Work instructions. Excluding pictures, what does the listing below contain from the line with "Using transparent sheets" up to and including the line with "7860 エイベックス(株): 投資CFの12か月移動合計の平均値の推移", word for word?

===== Data for this exercise

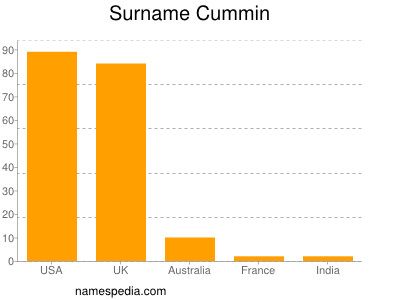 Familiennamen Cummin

==========
===== Data for this exercise

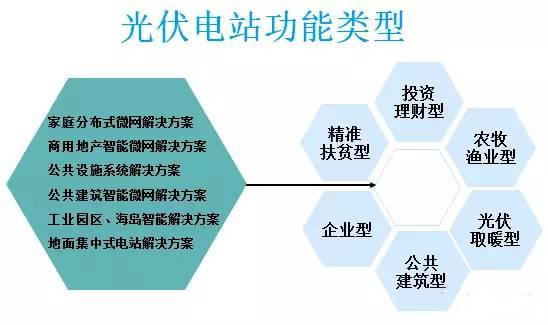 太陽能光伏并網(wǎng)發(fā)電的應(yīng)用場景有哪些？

==========
===== Data for this exercise

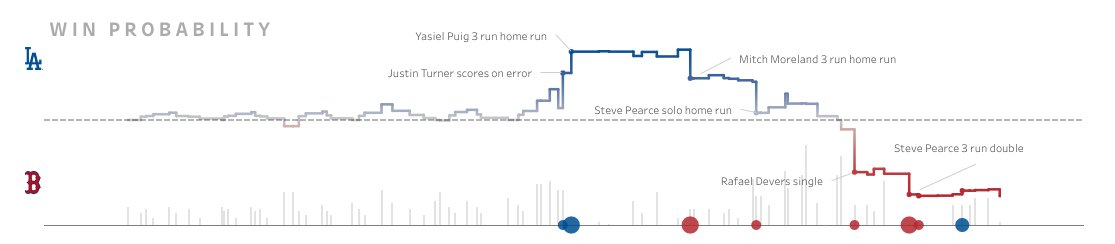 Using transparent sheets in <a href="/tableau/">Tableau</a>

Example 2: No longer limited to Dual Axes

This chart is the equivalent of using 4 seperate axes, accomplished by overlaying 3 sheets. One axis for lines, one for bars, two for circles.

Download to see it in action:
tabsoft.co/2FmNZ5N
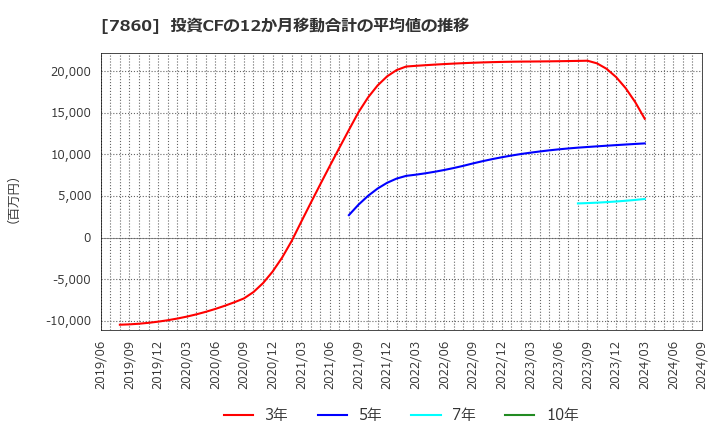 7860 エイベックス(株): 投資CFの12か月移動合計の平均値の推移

==========

Exercise result.
 Using transparent sheets in <a href="/tableau/">Tableau</a>

Example 2: No longer limited to Dual Axes

This chart is the equivalent of using 4 seperate axes, accomplished by overlaying 3 sheets. One axis for lines, one for bars, two for circles.

Download to see it in action:
tabsoft.co/2FmNZ5N
 7860 エイベックス(株): 投資CFの12か月移動合計の平均値の推移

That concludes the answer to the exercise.